Search code examples
type-conversiontiffgdalosgeoxyz

Conversion problem: Large TIFF File to XYZ Format


I am working with a TIFF file named CHELSAcruts_tmax_4_1981_V.1.0.tif (size: 97M). I want to convert this file first to XYZ format and subsequently to CSV.

Attempts and Challenges Online Converter Limitation: Initially, I attempted to use an online converter, but the file size exceeded the allowed limit.

Python Script for XYZ Conversion: I found the following Python code snippet for conversion to XYZ format:

from osgeo import gdal
ds = gdal.Open("CHELSAcruts_tmax_4_1981_V.1.0.tif")
ds.GetGeoTransform()
xyz = gdal.Translate("dem.xyz", ds)

However, this approach has two major issues:

It takes an excessively long time to run. It generates a file larger than my VM's free disk space (over 100 GB). Observation of Zero Values: Upon closer inspection, I noticed the file contains many zero values, such as:

X Y Z
-179.99597222220001 83.9956937485000168 -32768
-179.987638888900022 83.9956937485000168 -32768

documentation: https://gdal.org/api/python/osgeo.gdal.html Attempt to Filter Zero Values: To address this, I tried filtering these values with the following code, but it was unsuccessful:

band = ds.GetRasterBand(1)
band.SetNoDataValue(-32768)
gdal.Translate("dem.xyz", ds, noData=-32768, creationOptions=["ADD_HEADER_LINE=YES"])

Using the code below, I found the image array's shape is (20880, 43200), which might be contributing to the file size issue.

from osgeo import gdal
ds = gdal.Open('mytif.tif', gdal.GA_ReadOnly)
rb = ds.GetRasterBand(1)
img_array = rb.ReadAsArray()

I tried to clear zero values with code below:

import gdal_calc
import numpy as np

original_tiff = "/content/drive/My Drive/Kalmia/CHELSAcruts_tmax_4_1981_V.1.0.tif"
modified_tiff = "/content/drive/My Drive/Kalmia/modified_tiff.tif"

# Use gdal_calc.py to replace -32768 with NaN
gdal_calc.Calc("A*(A!=-32768) + nan*(A==-32768)", A=original_tiff, outfile=modified_tiff, NoDataValue=np.nan)

but it also works forever and gave no result

https://drive.google.com/file/d/1DPpxNFgcE3d4W-7AemBN_zTtylibI9Na/view?usp=sharing

Given the large size, how can I efficiently convert it to XYZ and then to CSV format, while managing the size and zero-value issues?


Solution

  • Doing this doesn't make any sense to me for several reasons. The XYZ/CSV format will store the coordinates (as strings!) for every valid pixel, which is completely redundant for a regular grid like this. The exact same information can be retrieved using for example the geotransform (6 values) and file dimensions (2 values).

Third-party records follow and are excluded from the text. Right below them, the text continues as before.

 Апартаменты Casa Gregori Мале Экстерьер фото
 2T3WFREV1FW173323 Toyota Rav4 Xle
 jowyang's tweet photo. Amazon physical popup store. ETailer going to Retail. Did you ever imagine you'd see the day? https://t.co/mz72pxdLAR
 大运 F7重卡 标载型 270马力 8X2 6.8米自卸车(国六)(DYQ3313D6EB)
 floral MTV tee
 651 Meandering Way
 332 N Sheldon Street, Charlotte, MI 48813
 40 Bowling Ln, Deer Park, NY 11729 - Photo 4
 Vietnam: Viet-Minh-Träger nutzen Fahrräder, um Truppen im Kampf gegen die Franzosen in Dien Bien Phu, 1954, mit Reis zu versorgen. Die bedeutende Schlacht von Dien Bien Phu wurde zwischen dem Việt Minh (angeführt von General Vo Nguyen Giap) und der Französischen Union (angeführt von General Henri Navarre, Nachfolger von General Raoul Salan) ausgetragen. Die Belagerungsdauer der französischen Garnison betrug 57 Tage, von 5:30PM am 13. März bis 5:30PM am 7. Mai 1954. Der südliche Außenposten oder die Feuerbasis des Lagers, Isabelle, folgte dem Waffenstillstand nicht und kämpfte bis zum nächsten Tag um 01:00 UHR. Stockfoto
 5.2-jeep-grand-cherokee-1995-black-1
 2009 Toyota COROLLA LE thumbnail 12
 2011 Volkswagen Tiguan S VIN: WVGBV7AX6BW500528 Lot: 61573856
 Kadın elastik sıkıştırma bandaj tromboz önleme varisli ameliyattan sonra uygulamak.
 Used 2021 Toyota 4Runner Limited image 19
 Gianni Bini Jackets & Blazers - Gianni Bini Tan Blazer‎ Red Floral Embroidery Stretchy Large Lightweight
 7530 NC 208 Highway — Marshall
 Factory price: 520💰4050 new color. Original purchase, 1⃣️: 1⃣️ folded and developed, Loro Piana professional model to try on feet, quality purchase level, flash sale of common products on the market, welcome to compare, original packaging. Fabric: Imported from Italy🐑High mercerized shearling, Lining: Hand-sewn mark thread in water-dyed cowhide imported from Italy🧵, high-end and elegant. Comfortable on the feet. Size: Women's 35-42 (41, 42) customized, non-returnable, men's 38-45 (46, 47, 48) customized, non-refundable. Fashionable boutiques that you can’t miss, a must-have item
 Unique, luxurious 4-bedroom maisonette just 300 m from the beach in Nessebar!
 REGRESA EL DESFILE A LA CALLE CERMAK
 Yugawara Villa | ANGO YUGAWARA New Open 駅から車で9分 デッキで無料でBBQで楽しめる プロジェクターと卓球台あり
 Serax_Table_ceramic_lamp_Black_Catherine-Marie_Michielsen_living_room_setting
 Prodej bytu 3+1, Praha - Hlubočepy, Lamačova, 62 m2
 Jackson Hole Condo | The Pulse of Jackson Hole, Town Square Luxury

    Storing it as string, uncompressed completely blows up the volume of data. Using a different format like (geo)parquet would already alleviate a lot of that.

    Regardless, the snippet below shows how it can be done anyway. This does it all at once, so you'll need the memory to do so. It's of course possible to adapt the code and read the data in smaller chunks, and incrementally write them to the output file.

    Using Pandas in this case, for convenience, probably also introduces it's own overhead on top of this. For a simple file format like this doing it manually is also feasible.

    from osgeo import gdal
    import numpy as np
    import pandas as pd
    

    Read raster data and metadata

    fn = "CHELSAcruts_tmax_4_1981_V.1.0.tif"
    
    ds = gdal.Open(fn)
    
    gt = ds.GetGeoTransform()
    
    data = ds.ReadAsArray()
    ys, xs = data.shape
    
    ds = None
    

    Filter nodata and create coordinates

    valid = data != -32768
    valid.sum(), valid.size
    
    ulx, uly = gdal.ApplyGeoTransform(gt, 0.5, 0.5)
    lrx, lry = gdal.ApplyGeoTransform(gt, xs-0.5, ys-0.5)
    
    lats, lons = np.mgrid[uly:lry:gt[5], ulx:lrx+gt[1]:gt[1]]
    
    # reduce memory a little...
    lons = lons.astype(np.float32)
    lats = lats.astype(np.float32)
    

    write to csv

    df = pd.DataFrame(dict(
        X=lons[valid],
        Y=lats[valid],
        Z=data[valid],
    ))
    
    df.to_csv("CHELSAcruts_tmax_4_1981_V.1.0.csv", index=False)
    

    As said, I would consider another approach where you at least store the data as binary, compressed, and without the redundant coordinates.